- **RECORDS SUPPLIED**

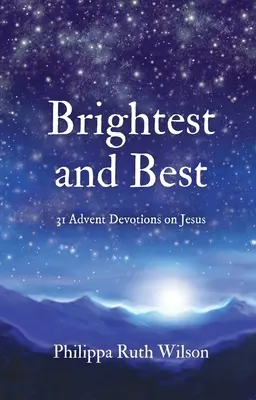 Lo mejor y lo más brillante: 31 devociones de Adviento sobre Jesús - Brightest and Best: 31 Advent Devotions on Jesus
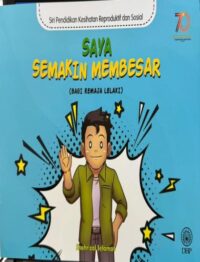 SIRI PENDIDIKAN KESIHATAN REPRODUKTIF DAN SOSIAL: SAYA SEMAKIN MEMBESAR (BAGI REMAJA LELAKI)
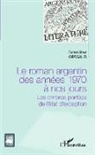 Geneviève Orssaud - Le roman argentin des années 1970 à nos jours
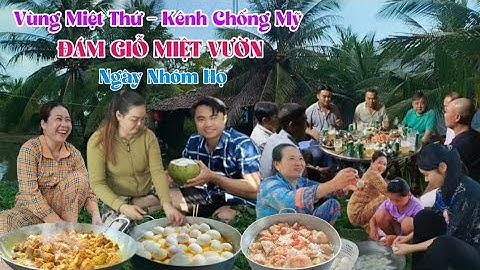 Đám Giỗ Miệt Vườn - Ngày Nhóm Họ Chuẩn Bị Nhiều Món Ngon Tại Nhà Chú Thím Út 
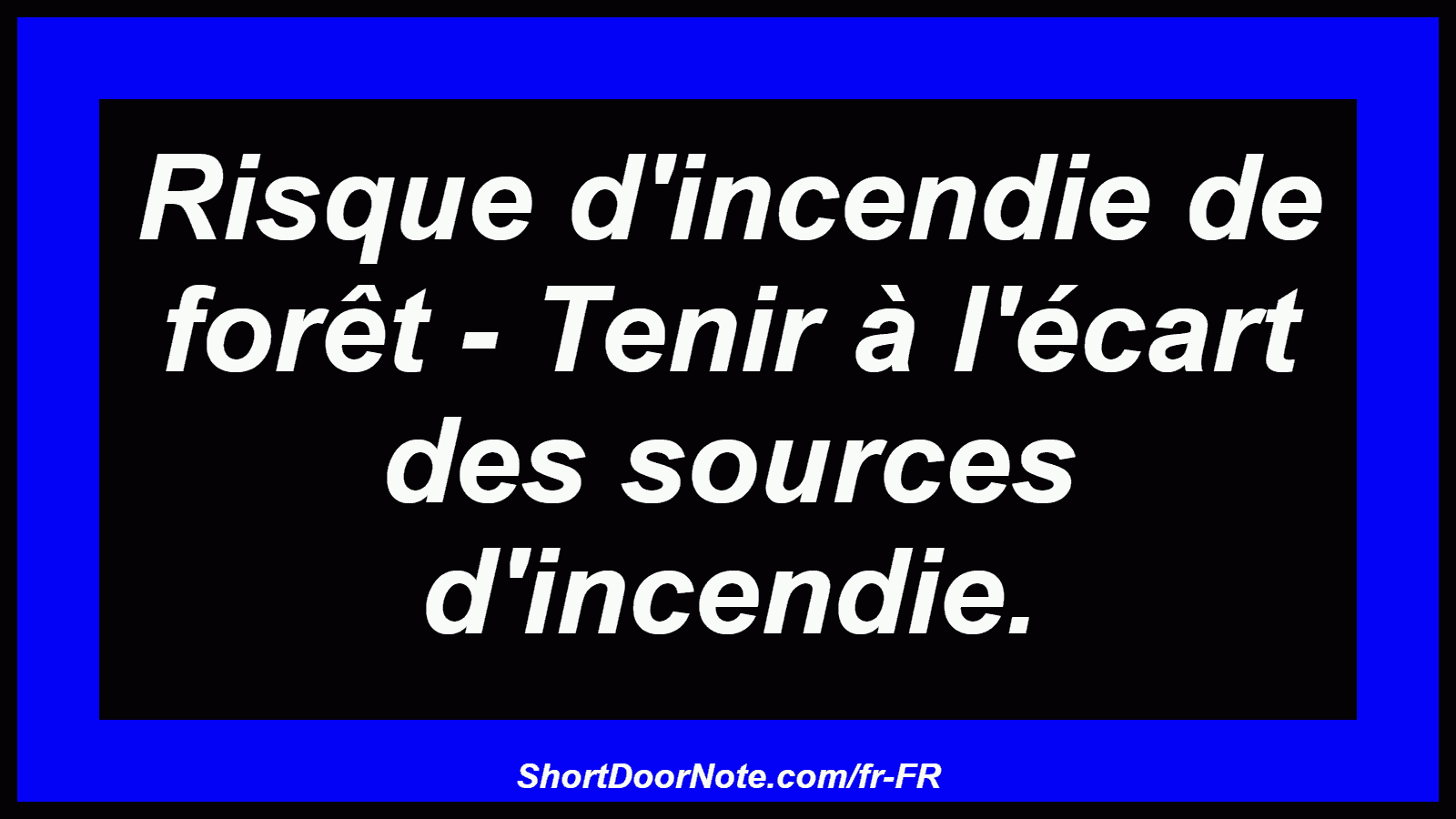Risque d'incendie de forêt - Tenir à l'écart des sources d'incendie.
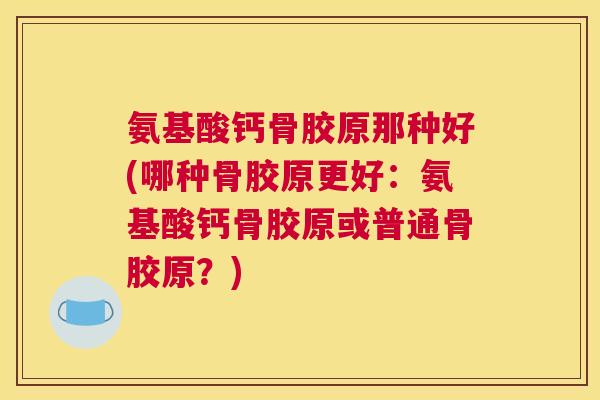 氨基酸钙骨胶原那种好(哪种骨胶原更好：氨基酸钙骨胶原或普通骨胶原？)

- **WHAT NEEDS TO BE DONE**
Here the job is to print all the data exactly, skipping any image.

- **SOLUTION TO THIS TASK**
 Lo mejor y lo más brillante: 31 devociones de Adviento sobre Jesús - Brightest and Best: 31 Advent Devotions on Jesus
 SIRI PENDIDIKAN KESIHATAN REPRODUKTIF DAN SOSIAL: SAYA SEMAKIN MEMBESAR (BAGI REMAJA LELAKI)
 Geneviève Orssaud - Le roman argentin des années 1970 à nos jours
 Đám Giỗ Miệt Vườn - Ngày Nhóm Họ Chuẩn Bị Nhiều Món Ngon Tại Nhà Chú Thím Út 
Risque d'incendie de forêt - Tenir à l'écart des sources d'incendie.
 氨基酸钙骨胶原那种好(哪种骨胶原更好：氨基酸钙骨胶原或普通骨胶原？)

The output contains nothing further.